Officials right to look at requests carefully
About 1,060 West Virginians entitled to state assistance with intellectual and/or developmental disabilities would like to receive that aid in their homes rather than institutions. Despite the fact that would save taxpayers’ money, those men, women and children have had to wait, some for years, to get waivers allowing them to make the change.
That is more than ridiculous. If the state Department of Health and Human Resources is not processing the waivers as expeditiously as possible, it is irresponsible.
Gov. Jim Justice has directed the DHHR to investigate ways of eliminating the waiting list for the waiver program. He expects a report by Jan. 15.
Justice’s timing is good. It provides time for him to look at the DHHR’s report and, if necessary, seek action by the Legislature if changes in the law are needed to speed up the waiver program.
Some of those on the waitlist for DHHR action on waivers have been there for four years, Justice said. “We absolutely must find a way to eliminate the waitlist so that these West Virginians can get the help and support they deserve,” he added.
And, the governor pointed out, giving more people waivers so they can get help without being institutionalized is good for the state budget.

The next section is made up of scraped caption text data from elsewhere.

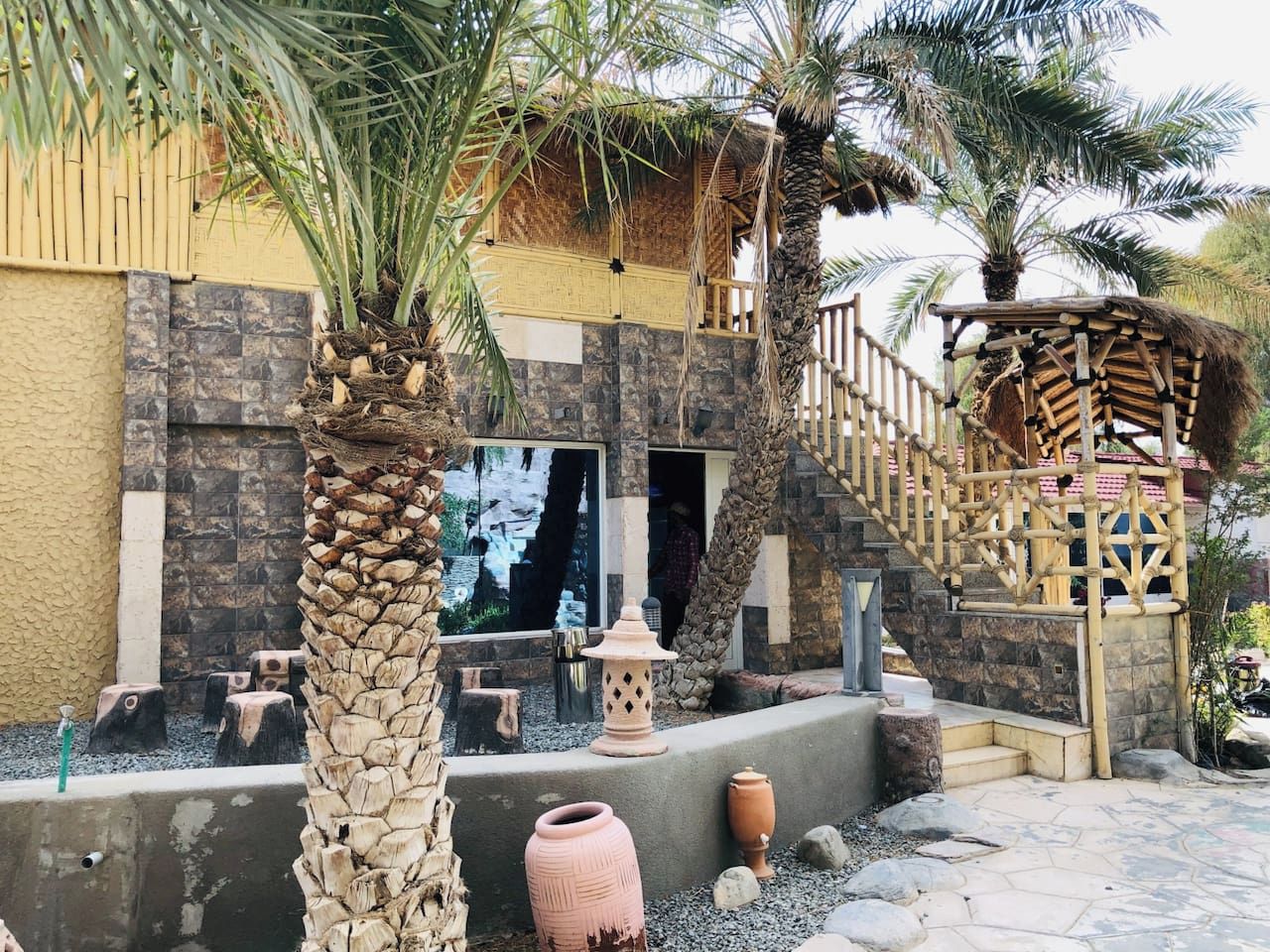 A courtyard with a stone wall, palm trees, a wooden staircase, and a thatched roof structure.
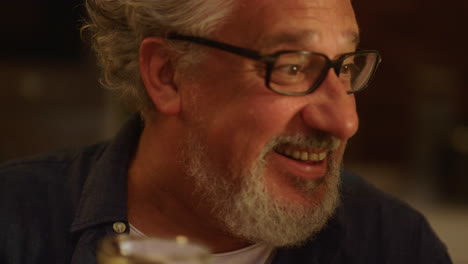 senior man making toast during dinner. mature man clicking glasses with family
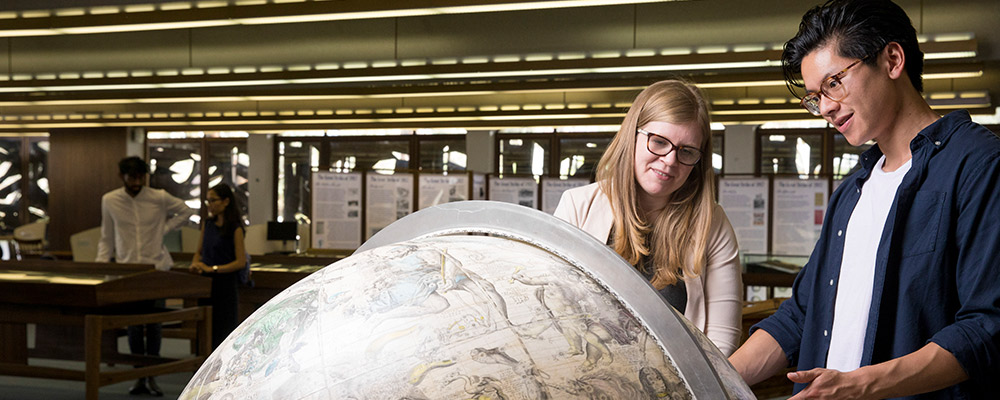  Students investigate a globe at the Menzies Library.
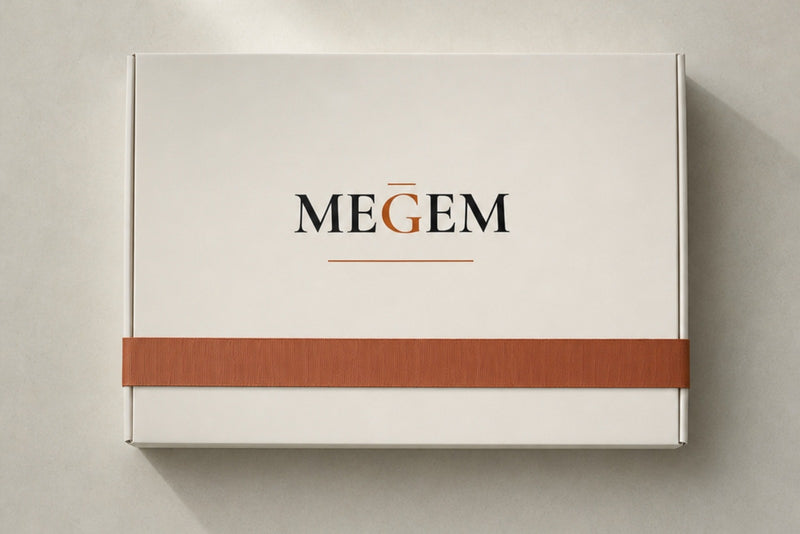MEGEM gift box tied with a copper ribbon, ready to give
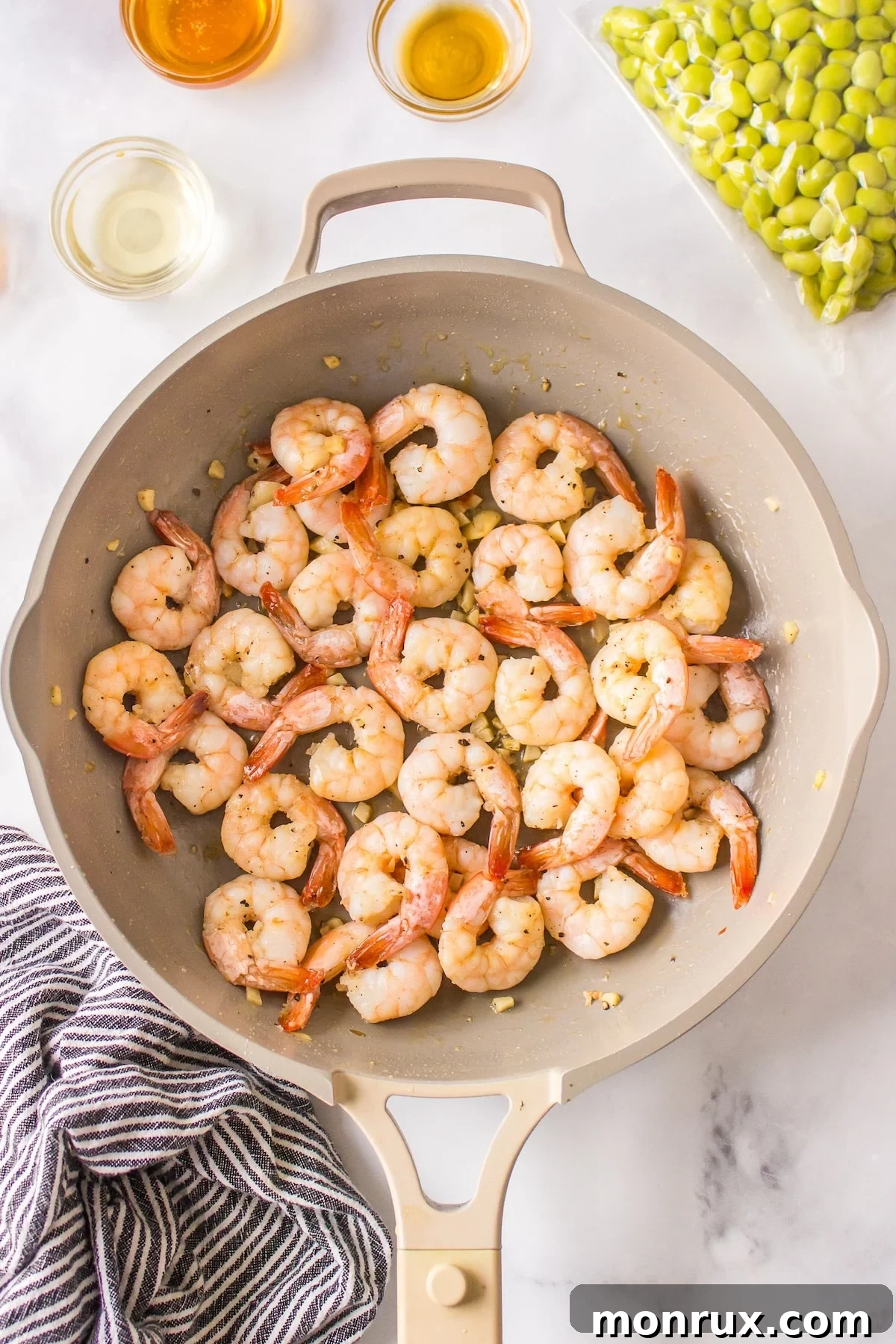 Shrimp cooking to a perfect pink in a hot skillet.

Services provided through the waiver program cost 46% less than those provided by intermediate care facilities, Justice’s office noted.
DHHR officials are right to examine requests for waivers carefully. Granting them may not be the best thing for some people with intellectual and/or developmental disabilities. But for those who would benefit, state government should accelerate the process instead of forcing them to wait for years.